For All of Us, One Today: An Inaugural Poet’s Journey by Richard Blanco (Beacon Press, 2013)
- “Every story begins inside a story that’s already begun by others.” (pg. 6) How does Blanco make sense of the story he was born into? How do his poems reflect his understanding?
- Blanco explores his fantasy version of America through the television shows that were popular in his youth, like "The Brady Bunch" and "Bewitched." How does popular culture shape our understanding of ourselves and the country we live in? How does Blanco depict the immigrant experience of these images? Does popular culture now reflect more diversity in its representation of what it means to be American? Why or why not?
- This is a short memoir featuring four of Blanco’s poems, three of which he wrote in three weeks for the inauguration. What do you learn about Blanco’s style and subject matter? How has Blanco’s poetry evolved from “América” to “One Today”? What has remained consistent?
- How does Blanco reconcile his career as a civil engineer with his calling as a poet? How might this provide a template for us all to incorporate artistic creation in our lives?
- Blanco speaks of the struggle in writing three occasional poems in three weeks. What is his process in balancing the needs of the occasion with his unique voice as a poet?
- The poem that was ultimately chosen for the inauguration, “One Today,” started with this prompt: “What do I love about America?” (pg. 60) What do you think about what he highlighted?

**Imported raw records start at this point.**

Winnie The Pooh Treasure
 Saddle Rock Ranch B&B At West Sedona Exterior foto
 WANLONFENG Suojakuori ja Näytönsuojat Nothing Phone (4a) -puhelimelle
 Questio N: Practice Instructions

What resonated for you in the poem? How would you answer this question?
- Blanco describes his life with his partner Mark in a small Maine town. He alludes to the difficulty of growing up gay as a Cuban-American, but he talks about the support they receive in their community. How is this love and community reflected in his vision of America?
- How does Blanco depict the experience of inauguration day? Why do you think he was chosen to write the inaugural poem? Why do you think there have been only five inaugural poets selected in American history?
- Blanco writes, “Poetry was born in the oral tradition, something I have always strived to honor, believing that reciting a poem should create an experience for the listener unique from that of simply reading the poem on the page.” (pg. 71) Does the experience of reading a poem to yourself and hearing it performed by its author impact you differently? What do you notice in reading versus listening/viewing?
View a PBS News Hour video of Blanco reading “One Today” at the inauguration.
- Blanco states that his mission is to open people’s lives to poetry. How do you think this can be accomplished? What ways can poetry matter in our lives? Share a poem that has meant something to you.